Ho, ho, ho. It’s that time of year again and you can’t go to the shops without your ears being hammered by the usual festive suspects – we won’t name them but you know who they are. Over the past couple of years however there’s been a groundswell of Christmas songs that one can actually listen to and enjoy and this compilation from Hemifran Records is the best we’ve heard in a while.
Label owner, Peter Holmstedt, decided it was time to put out a decent collection Christmas songs, “I’m a big fan of compilation albums, and I had the idea of reaching out to singer songwriters I know and admire, and asking them to write a song with a Christmas hook…I was interested to hear what interpretations they would come up with and I was delighted at the response.” What he ended up with was 18 songs which hover around the season, some more so than others, for the most part devoid of sleigh bells (Keith Miles, Citizen K and The Refugees are the guilty parties but we forgive them) and certainly with none of the enforced jollity or fake sentiment that seems de rigour for a listen under the mistletoe.

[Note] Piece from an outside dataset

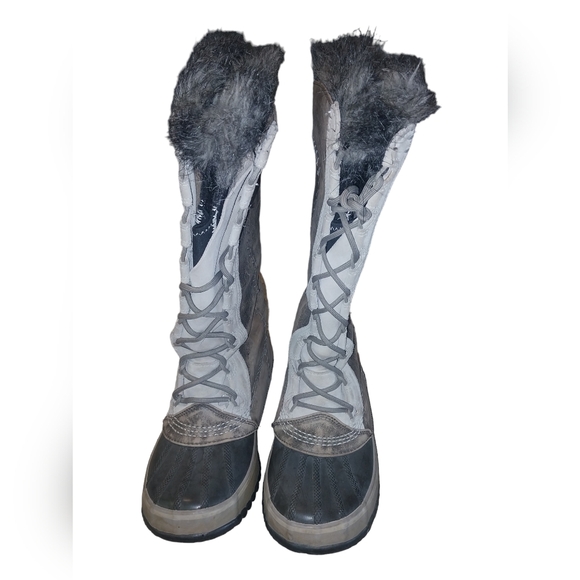 Sorel Cate The Great NL1642-221 Tusk Stone gray Leather Tall Boots 6 - Picture 2 of 8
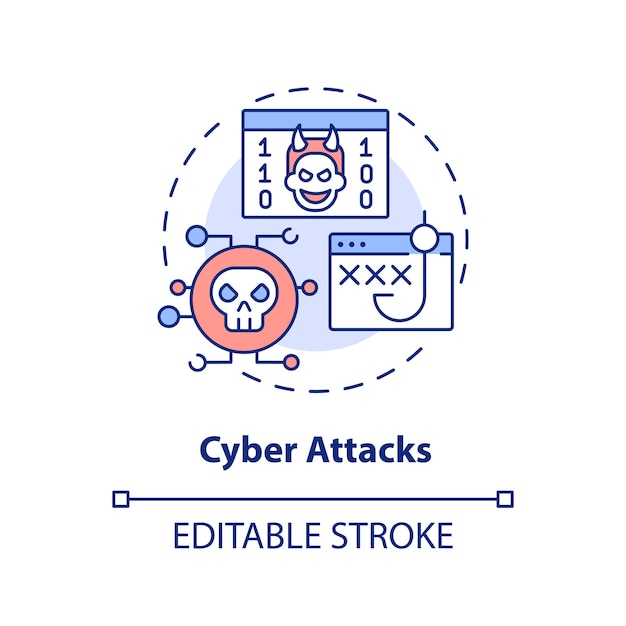 Cyber attacks concept icon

Opening with a song about a bi-polar cousin visiting and threatening to kill you bodes well for the album and Elliott Murphy’s Five Days Of Christmas is darkly humorous but the remainder of the album consists of that spirit of Christmas that seems to affect so many folk these days – loneliness and past memories. So, aside from the rockabilly swagger of Fayssoux’s Christmas Ain’t Christmas and the jiving This Christmas from The Refugees, we’re well into Joni Mitchell River territory here. As such, Annie Gallup offers up her tale of a long and lonesome journey enlightened when the passengers began to Carol on Christmas On The Train, a song that reminds one of The McGarrigles, while Jude Johnstone’s piano ballad, I Guess It’s Gonna Be That Way, hits all the Mitchell buttons as does Janni Littlepage’s chilly Now That Winter’s Come. The guys here can also hit those buttons with Kenny White’s Christmas Day another lonely travelogue and Paul Kamm’s Where Are You Going Tonight a nice folky evocation of chilly winter nights. And while Keith Miles and Jack Tempchin go down the smoochy ballad route (successfully one must say) there’s some grit on the road when Bob Cheevers unveils his growling and bluesy The Spirit Of Christmas which roams around homeless folk hunkered down just trying to survive the season.
Finally, Citizen K conjures up a Brian Wilson like production on his I Won’t Be Home For Christmas while My Darling Clementine deliver probably our favourite here, Miracle Mabel. It’s their own update on their own nativity tale and it’s wonderfully done. Slyly resisting the bible (that book with Cain and Abel), they celebrate their own child in a perfect facsimile of a Christmas song. It deserves to stand up alongside Christmas staples such as watching It’s A Wonderful Life.
So, if you’re looking for an “alternative” musical accompaniment to your Turkey dinner, seek no more. It’s here and it’s a bit of a Christmas Cracker with a hidden song at the end.